The ceremony is more commonly associated with boys than girls, but there’s evidence that young women were called in front of the congregation during the early Roman period in Jerusalem. Over the centuries, as Judaism developed and flourished in Europe, with its strong traditions of religious patriarchy, the liturgical role of women fell away, and the emphasis shifted to the boys’ rite of manhood, the Bar Mitzvah.

These days, in all but the most rigidly Orthodox communities, girls celebrate side by side with boys, although perhaps not by reading from the Torah, but instead by delivering an address or homily.

It’s customary to give the Bat Mitvah girl a gift, and here is where this week’s story really begins. My young cousin — let’s call her by her Hebrew name, Aviva, which means “spring” — has grown up in an observant family. They keep kosher — although not in the strictest sense, which would require two completely separate kitchens, one for meat and one for dairy. They’re active members of their synagogue. Their social world consists almost entirely of Jewish people. They’re big boosters of Israel.

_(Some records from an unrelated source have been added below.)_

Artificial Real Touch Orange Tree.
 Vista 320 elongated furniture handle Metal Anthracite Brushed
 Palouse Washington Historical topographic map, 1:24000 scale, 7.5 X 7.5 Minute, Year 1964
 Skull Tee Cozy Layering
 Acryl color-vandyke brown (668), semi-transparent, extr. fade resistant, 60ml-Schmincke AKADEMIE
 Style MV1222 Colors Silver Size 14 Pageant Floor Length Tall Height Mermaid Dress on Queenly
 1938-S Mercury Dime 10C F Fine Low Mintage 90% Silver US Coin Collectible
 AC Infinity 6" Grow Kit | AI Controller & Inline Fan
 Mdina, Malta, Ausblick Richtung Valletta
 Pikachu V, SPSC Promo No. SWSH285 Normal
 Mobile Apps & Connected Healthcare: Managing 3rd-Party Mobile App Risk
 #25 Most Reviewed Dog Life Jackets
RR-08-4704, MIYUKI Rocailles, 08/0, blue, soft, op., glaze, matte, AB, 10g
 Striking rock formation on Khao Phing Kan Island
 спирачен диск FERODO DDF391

An unwavering commitment to Israel in the form of political and financial support is practically a pillar of faith for American Jews. Another pillar is remembrance of the Shoah, or European Holocaust. In fact, the two are often linked. The logic goes something like this: the condition of Jews in the diaspora, in their adopted homelands, will always be precarious. Just look at the case of German Jews, who were so completely assimilated that they no longer considered themselves Jews! In their own minds, they were German. The Nazis, of course, took a different view. Because anti-Semitism is alive and well, even if it might seem dormant in any given time and place, Jews will always need their own homeland — a life raft, if you will — in Israel.

To this, the usual exclusive truth-claims to the Holy Land are often appended: it’s our land because God gave it to us; anyone else who says the same thing is lying, deluded, or simply a Jew-hater.

Support for Israel has also become a pillar of faith for American politicians, who vie with each other to seem the most “Pro-Israel,” both to court Jewish voters and the Evangelical Right, which requires a strong Israeli state for its own ideological agenda.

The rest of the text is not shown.